### [WHAT YOU ARE ASKED TO DO]
Pictures should be left out while the data beneath this task is written out word for word.

### [AVAILABLE DATA]

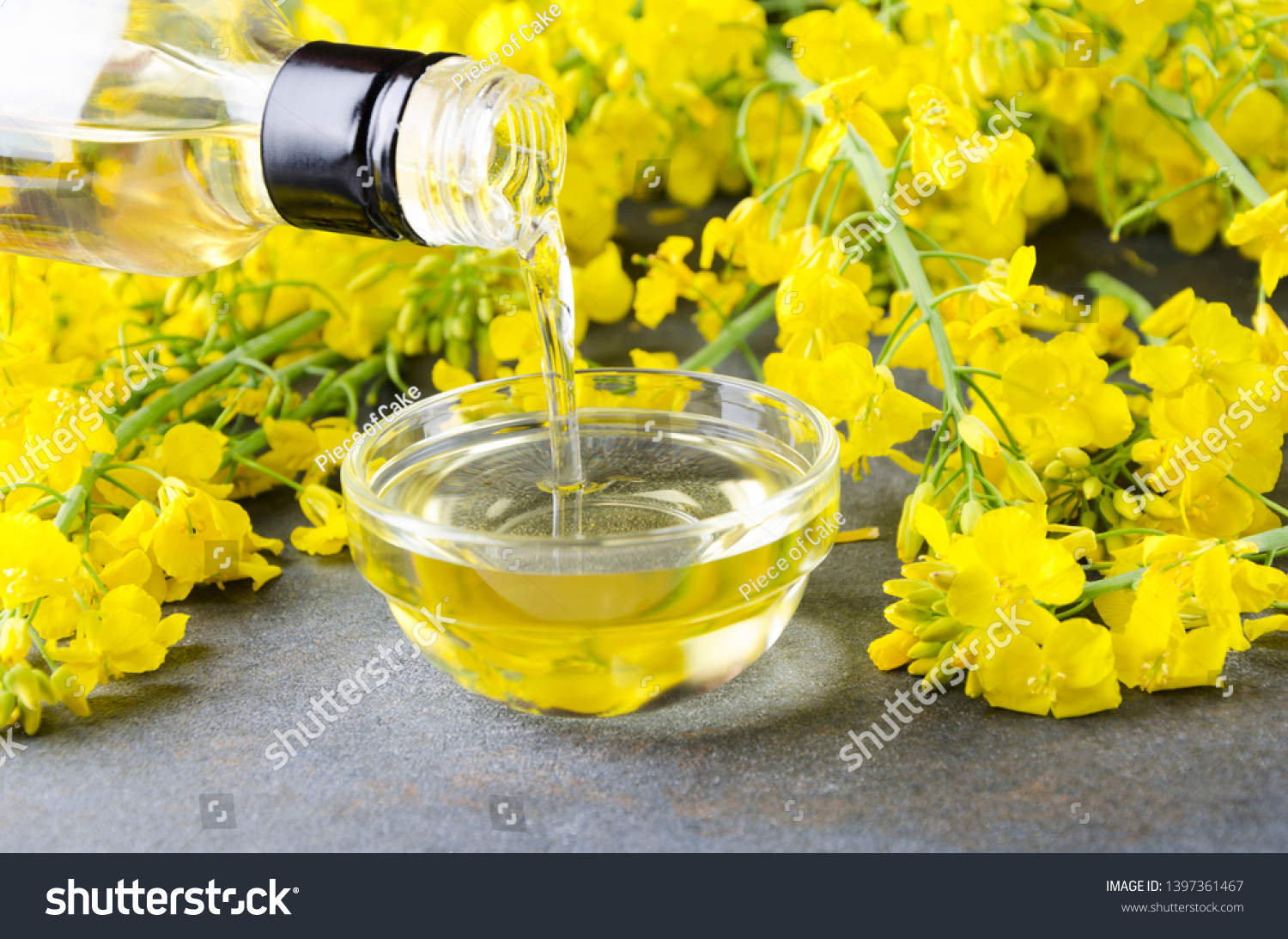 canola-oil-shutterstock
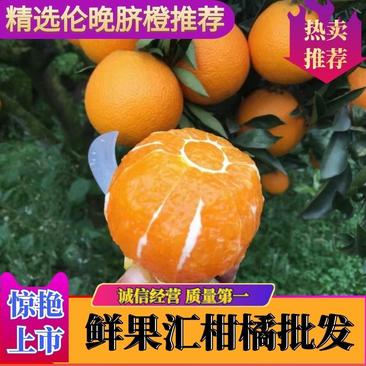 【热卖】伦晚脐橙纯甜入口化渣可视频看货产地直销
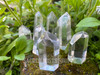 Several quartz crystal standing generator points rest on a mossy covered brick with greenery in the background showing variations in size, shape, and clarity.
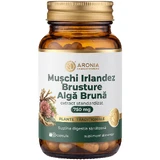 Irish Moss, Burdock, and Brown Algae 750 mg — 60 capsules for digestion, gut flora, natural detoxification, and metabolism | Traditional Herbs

### [WRITTEN RESPONSE]
 canola-oil-shutterstock
 【热卖】伦晚脐橙纯甜入口化渣可视频看货产地直销
 Several quartz crystal standing generator points rest on a mossy covered brick with greenery in the background showing variations in size, shape, and clarity.
 Irish Moss, Burdock, and Brown Algae 750 mg — 60 capsules for digestion, gut flora, natural detoxification, and metabolism | Traditional Herbs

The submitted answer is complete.